Brendan Rodgers: One game you’re walking on water, the next you’re the devil

Leicester boss Brendan Rodgers says that football management can leave you walking on water one day and being the devil the next.

Rodgers looks to have come through a sticky patch at the Foxes, who are repairing a dismal start to the season which saw them pick up one point from their opening seven Premier League games.

There were calls for his head at one point, but the Leicester owners stood firm and appear to have been rewarded after a three-game winning streak.

That could increase to four in five if they can finish the season with a win over West Ham, whose manager David Moyes is under pressure.

Last season, the Hammers reached the Europa League semi-finals and were seven minutes away from finishing in the top six of the Premier League until late goals on the final day dropped them to seventh.

But that has not stopped Hammers fans from wanting the Scot sacked, with Rodgers saying people suggest change too easily.
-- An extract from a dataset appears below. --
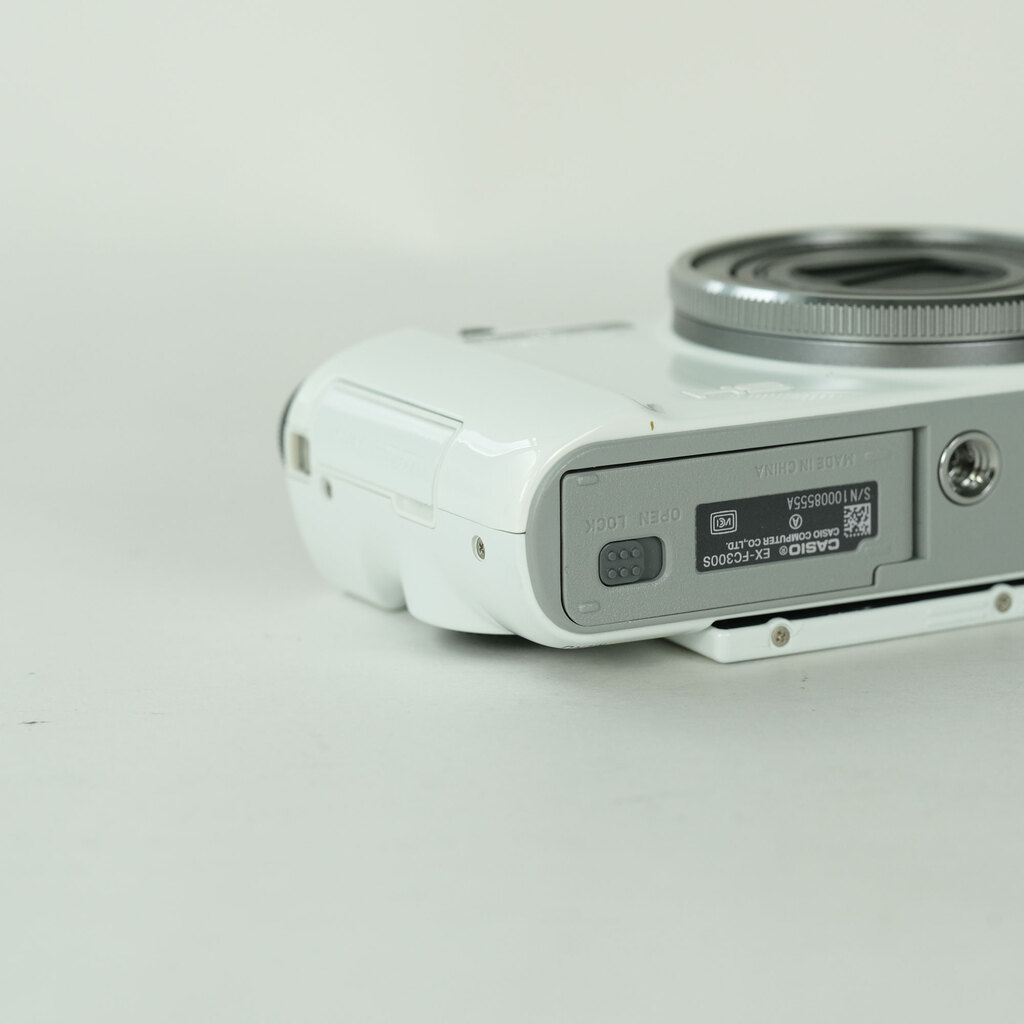 CASIO EXILIM EX-FC300SWE ホワイトの出品 | ONE SCENE（ワンシーン）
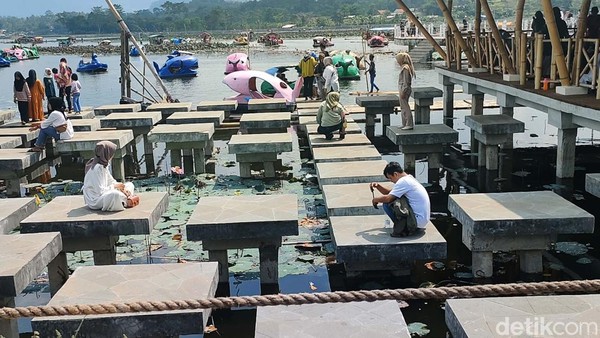 Yang kedua, adalah keamanan. Banyak tempat yang menjorok langsung ke tengah danau yang tidak dilengkapi pengaman atau petugas jaga. Hal tersebut menjadi berbahaya. Menurut informasi yang dihimpun, beberapa waktu lalu ada bocah yang terjatuh dari atas bangunan dan nyemplung ke danau. Beruntung berhasil diselamatkan. Yang kedua, adalah keamanan. Banyak tempat yang menjorok langsung ke tengah danau yang tidak dilengkapi pengaman atau petugas jaga. Hal tersebut menjadi berbahaya. Menurut informasi yang dihimpun, beberapa waktu lalu ada bocah yang terjatuh dari atas bangunan dan nyemplung ke danau. Beruntung berhasil diselamatkan.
“The nature of the game now, I think there is a real witch hunt for managers to lose their job,” Rodgers said.

“I don’t see that changing too much. It takes the strength of the board to trust a manager.

“It feels like as a manager you can’t have any downturn of results otherwise the cry is to change. Football management is about peaks and troughs and it can take time to get going again. It takes a lot of strength from owners to support you and you have to focus on your own work.

“You can walk on water one game and do nothing wrong and the next game you lose you’re the devil.

“I have always tried to approach it that you’re always going to have critics. You’re always going to have different types of supporters.

“You get the supporters who will always support you because you’re the manager of their club. They will respect you, you’re the custodian of their club. The second group is, ‘Let’s see how he does and we will take it from there.

“The third is the critics. So when you win a game 4-0 you should have won by five or six.

“So as a manager when you have the experience you understand that with that group you’ll never ever change their mind. No matter what you do. Sir Alex Ferguson, the greatest manager, would have had people in that third group.

“It’s the people in the first two groups you want to influence and you learn that through experience.”